Compile an ML model

How to compile your ML model for an accelerator architecture

Things you’ll need

  • your ML model. If you don’t have one handy, continue on to use one of the demo ones.
  • an architecture file in .tarch format. If you don’t know what this is yet, continue on and we’ll supply one for you.

1. Convert your ML model to ONNX

The first thing you need to do is convert your ML model to the ONNX format. ONNX stands for Open Neural Network Exchange, and converting to ONNX is supported by all the major frameworks. Instructions for:

2. Run the Tensil compiler

First, ensure you have Tensil installed by pulling and running the Tensil Docker container:

$ docker pull tensilai/tensil:latest
$ docker run -v $(pwd):/work -w /work -it tensilai/tensil:latest bash

Then from the container shell, run:

$ tensil compile -a <tarch_file> -m <onnx_file> -o output_node -s true

To compile with an example model and architecture file, the command is

$ tensil compile -a /demo/arch/ultra96v2.tarch -m /demo/models/resnet20v2_cifar.onnx -o "Identity:0" -s true

You should see some output like this:

$ tensil compile -a /demo/arch/ultra96v2.tarch -m /demo/models/resnet20v2_cifar.onnx -o "Identity:0" -s true
NCHW[1,3,32,32]=NHWC[1,32,32,1]=1024*16
List(-1, 256)
----------------------------------------------------------------------------------------------
COMPILER SUMMARY
----------------------------------------------------------------------------------------------
Model:                                           resnet20v2_cifar_onnx_ultra96v2 
Data type:                                       FP16BP8                         
Array size:                                      16                              
Consts memory size (vectors/scalars/bits):       2,097,152                       33,554,432 21
Vars memory size (vectors/scalars/bits):         2,097,152                       33,554,432 21
Local memory size (vectors/scalars/bits):        20,480                          327,680    15
Accumulator memory size (vectors/scalars/bits):  4,096                           65,536     12
Stride #0 size (bits):                           3                               
Stride #1 size (bits):                           3                               
Operand #0 size (bits):                          24                              
Operand #1 size (bits):                          24                              
Operand #2 size (bits):                          16                              
Instruction size (bytes):                        9                               
Consts memory maximum usage (vectors/scalars):   35,743                          571,888    
Vars memory maximum usage (vectors/scalars):     13,312                          212,992    
Consts memory aggregate usage (vectors/scalars): 35,743                          571,888    
Vars memory aggregate usage (vectors/scalars):   46,097                          737,552    
Number of layers:                                23                              
Total number of instructions:                    102,741                         
Compilation time (seconds):                      71.562                          
True consts scalar size:                         568,474                         
Consts utilization (%):                          97.210                          
True MACs (M):                                   61.476                          
MAC efficiency (%):                              0.000                           
----------------------------------------------------------------------------------------------
---------------------------------------------
ARTIFACTS
---------------------------------------------
Manifest:  /work/resnet20v2_cifar_onnx.tmodel
Constants: /work/resnet20v2_cifar_onnx.tdata
Program:   /work/resnet20v2_cifar_onnx.tprog
---------------------------------------------

Next Steps

Congrats! You’ve compiled your model and generated three important artifacts, a .tmodel, .tdata and .tprog. All three are needed to run your compiled model, so keep them handy. Assuming you have an accelerator built, you’re now ready to run your model. If not, it’s time to generate an accelerator.

Troubleshooting

If you got an error or saw something you didn’t expect, please let us know! You can either join our Discord to ask a question, open an issue on Github or email us at [email protected].

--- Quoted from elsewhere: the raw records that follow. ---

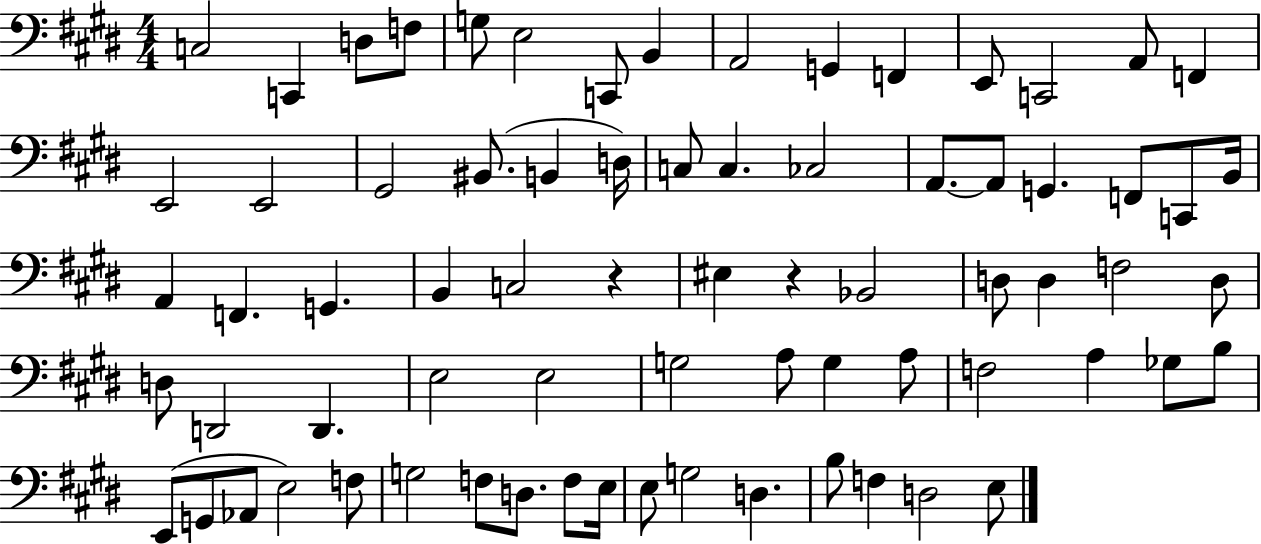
{
  \clef bass
  \numericTimeSignature
  \time 4/4
  \key e \major
  c2 c,4 d8 f8 | g8 e2 c,8 b,4 | a,2 g,4 f,4 | e,8 c,2 a,8 f,4 | \break e,2 e,2 | gis,2 bis,8.( b,4 d16) | c8 c4. ces2 | a,8.~~ a,8 g,4. f,8 c,8 b,16 | \break a,4 f,4. g,4. | b,4 c2 r4 | eis4 r4 bes,2 | d8 d4 f2 d8 | \break d8 d,2 d,4. | e2 e2 | g2 a8 g4 a8 | f2 a4 ges8 b8 | \break e,8( g,8 aes,8 e2) f8 | g2 f8 d8. f8 e16 | e8 g2 d4. | b8 f4 d2 e8 | \break \bar "|."
}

Converting to ONNX didn’t work?

If you’re using Tensorflow and the ONNX converter failed, don’t despair! We also support compiling from a frozen graph in PB format. To freeze a Tensorflow model, use the freeze_graph tool located here in the Tensorflow repo.

If you have Tensorflow installed, you can use it in a script by doing

from tensorflow.python.tools.freeze_graph import freeze_graph

graph_def = "some_graph_def.pb"
ckpt = "model.ckpt-1234567"
output_graph = "frozen_graph.pb"
output_nodes = ["softmax"]
input_binary = graph_def.split(".")[-1] == "pb"

freeze_graph(
        graph_def,
        "",
        input_binary,
        ckpt,
        ",".join(outputs_nodes),
        "save/restore_all",
        "save/Const:0",
        output_graph,
        True,
        )

or you can use it directly from the command line by running

python -m tensorflow.python.tools.freeze_graph \
 --input_graph=some_graph_def.pb --input_binary \
 --input_checkpoint=model.ckpt-1234567 \
 --output_graph=frozen_graph.pb --output_node_names=softmax